The court reasoned: “[Substantial risks of harm by a resisting victim or third person exist whether or not the offender’s firearm is operable. Although such risks may be minimal if the firearm remains concealed, armed offenders frequently may passively display their firearms, without actually using them to facilitate the commission of their offenses. Such passive display may *4stimulate resistance. Moreover, the Legislature reasonably could have sought to discourage persons from arming themselves with an inoperable firearm, whether or not concealed, because of the potential for harm in the event that the firearm is ultimately displayed and used.
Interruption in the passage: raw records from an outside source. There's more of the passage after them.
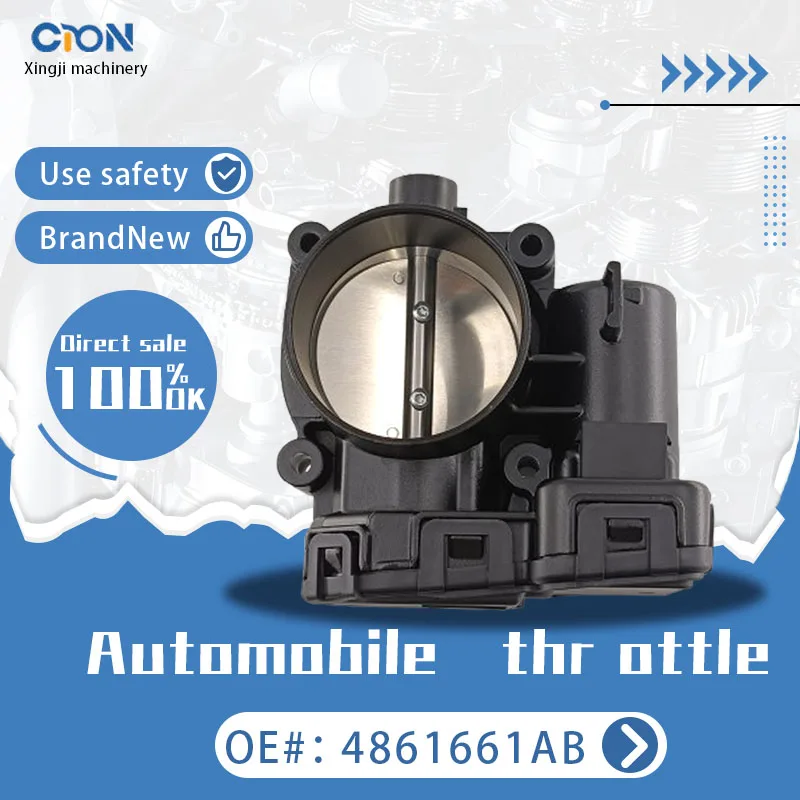 

XingJi Parts Throttle body OE 4861661AB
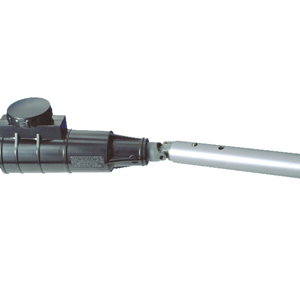 DAVIS HANDI-MATE OUTBOARD EXT HANDLE WITH SWIVEL LOCK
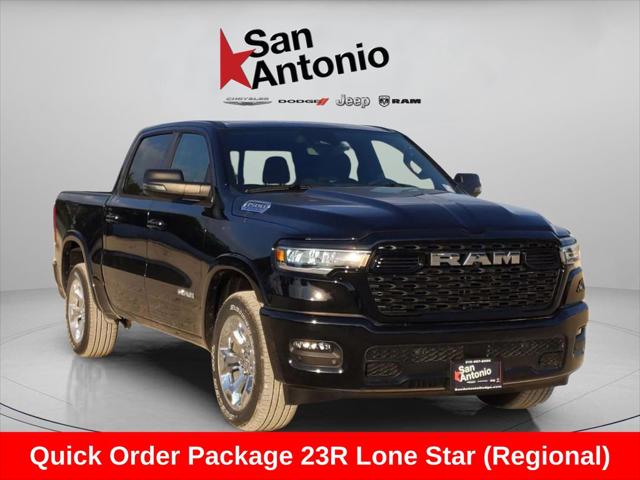 2025 RAM Ram 1500 RAM 1500 LONE STAR CREW CAB 4X2 57 BOX 2025 RAM Ram 1500 RAM 1500 LONE STAR CREW CAB 4X2 57 BOX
It follows that even though defendant may not have actually used his firearm, his mere act of carrying it created the additional risks of harm which fully justify an enhanced penalty.” (31 Cal.3d at pp. 359-360.)

We note that under Penal Code section 12025, firearms “carried openly in belt holsters are not concealed . . . .” Thus part of the theory underlying Nelums does not apply to the lawful transportation of a concealable firearm. (“. . . armed offenders . . . may passively display their firearms . . . .” (31 Cal.3d at p. 360.))

In short, we conclude that the Legislature did not intend to include inoperable weapons within the meaning of a concealable weapon the public possession and transportation of which is regulated by section 12025.5

The judgment is reversed.

Cooperman, P. J., and Bernstein, 1, concurred.

The expert, although testifying that the “barrel” was “missing,” also testified that there was “tooling” on the “breach” to which a “barrel” would be affixed. We have examined the weapon; the “tooling” looks like a very short “barrel.”

All references are to the Penal Code.

Section 12073 requires a dealer to keep a register qf transactions involving pistols, revolvers, or other concealable weapons.

Section 12026 authorizes persons not within the prohibited classes to possess concealable firearms in their homes or businesses. Section 12031 prohibits possession in a public place or vehicle of any loaded firearm, whether or not concealable. Although section 12025 is violated when anyone, including a felon, possesses a concealable firearm, that section is necessary only to control the acts of a person otherwise permitted to possess the weapon.

We emphasize that this opinion is limited to the possession of an unloaded inoperable concealable firearm. (Cf. People v. Hale (1974) 43 Cal.App.3d 353, 356 [117 Cal.Rptr. 697] [dictum re disassembled concealable firearm]; People v. Taylor (1984) 151 Cal.App.3d 432, 436-437 [199 Cal.Rptr. 6] [dictum re operability of loaded firearm].)